# Looking for a pretty pet...big enough to see!



## Kerry (Sep 5, 2013)

I'm kinda stuck with having a tank that isn't quite big enough, or, long enough, ect, ect, but...it's the only one I have or can afford to set up. It is a 37g 30"x12"x 22"h and is planted with a dirt substrate. The tank is not ready yet for fish, so, I've been researching and trying out various combos in my mind, but now, I am just over saturated and could use some feedback and ideas. I like cichlids, but, not really into the really tiny apistos...also, like catfish such as the portholes, plecos, and oil cats.

Can't decide what I really want for fish for this tank, so, would love to hear some ideas from you all! I'd love a larger 'pet' with a few companions type set-up, as opposed to lots of tiny fish...that I probably couldn't see to enjoy anyway. Stock need to be able to live long term in this tank, be planted compatible, interesting, pretty, a pair/group/single, what companions, ect. How about it? How would you set this up if you were stocking it? arty:


----------



## SueD (Aug 19, 2011)

How about a single angel, school of sterbai cories and a school of either rummynose or lemon tetras.


----------



## Kerry (Sep 5, 2013)

I would really like an angel...I've had my eye on some very beautiful Koi angels that are all orange with just a bit of black that are just gorgeous! My problem there is I don't know if I could limit myself to just one...although the price would do that for me, lol! My original idea with this tank was to go for an Amazonian theme, and the angel, corys and tetras would do that.
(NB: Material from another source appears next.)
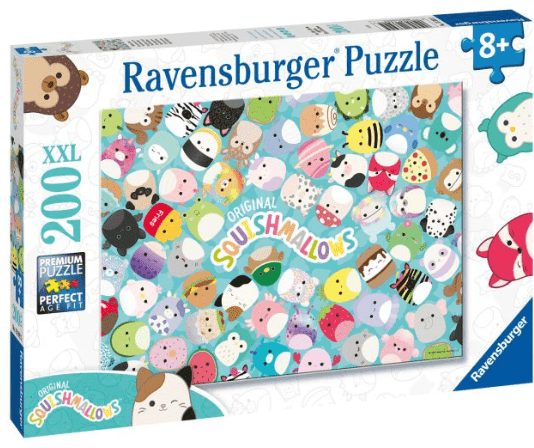 Ravensburger 200 Piece Jigsaw Puzzle - Squishmallows XXL Plush Animal Characters Cam Cat Winston Owl Lola Unicorn Hans for Kids and Adults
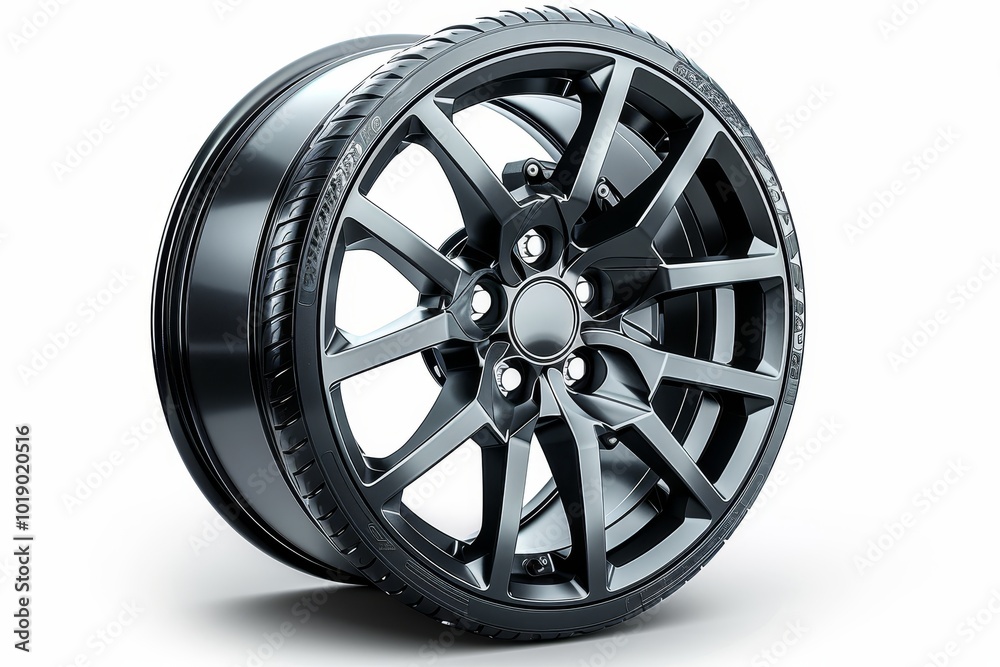 Obraz premium Aluminum alloy wheel and car rim displayed on a clean white background for automotive appeal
I am open for more international ideas, too, however...perhaps a gourami tank...the possibilities are endless!


----------



## TAB (Feb 7, 2009)

how about some of the larger wild type livebarrers? i have been thinking about doing a tank with xiphophorus montezumae ojo caliente( i hope i spelled that right lol). they are very pretty, and the males tails are longer then thier body. they are are not very expensive either, $ 25-30 for 5-7 3/4- 1" juvis. One of those, rarer, but not crazy priced fish. just kind of what i have been intrested in, latly. been thinking about doing a biotope in a 40 breeder for awhile.


----------



## Kerry (Sep 5, 2013)

TAB, I have been looking at some of the native species and am very tempted to go with some top minnows, pygmy sunfish, darters and madtom cats! I was just looking at these and think they would be a very interesting choice and something very different from what I have kept in the past.


----------



## niko (Jan 28, 2004)

Forget aquariums. This one you can see both ways - in reality and when you are asleep too:










What do you say?


----------



## Kerry (Sep 5, 2013)

LOL! Not really interested in keeping bugs...they smell really, really bad! Had one just like that in my yard when I lived in NM. Had a blast photographing it, but, not something I wanted to cuddle up with.


----------



## Kerry (Sep 5, 2013)

Has anyone here tried keeping sunfish in a planted tank? I would love to keep a single long-eared, or, dollar sunfish with a school of southern red bellied dace, a couple madtom cats, a few black-lined or golden top minnows and perhaps a rainbow darter. Perhaps too much? LOL! For anyone else interested in keeping native fish, here are a few online sellers of native fish;
Aquaculturestore
BTDarters
Jonahsaquarium
Zimmermansfish


----------



## Kerry (Sep 5, 2013)

OK, I guess sunnies are out. I'm really not into the pygmies, and, all the others I like, orange-spots, long-ears, and, pumpkinseeds are all diggers and get too big. I still like the natives, though, and, have 6 blue-finned killies on the way. I'd like some top minnows and perhaps some darters to go with.


----------



## Kerry (Sep 5, 2013)

Well, I have a semi-native planted tank. Most of the fish are native to the US and the plants to the Americas. The fish are blue-finned killies, and, rosy-red fathead minnows, plus two albino bushy-nose plecos, two African dwarf frogs and some nerite snails. I had a bad algae outbreak right before I went on vacation over Thanksgiving, and when I returned, it was massive with greyish algae completely choking out the hairgrass in front, and all over the wall in back. That was while I still only had the killies. I bought the rest of the critters at Petsmart two days ago...the algae is gone! I swear, I have never bought a clean-up crew for any other tank that worked as fast and as thoroughly as 12 hungry rosy-red minnows...I didn't even know they ate algae, lol! I may have to thin their numbers eventually, but for now, I am very pleased with my cheap fish!


----------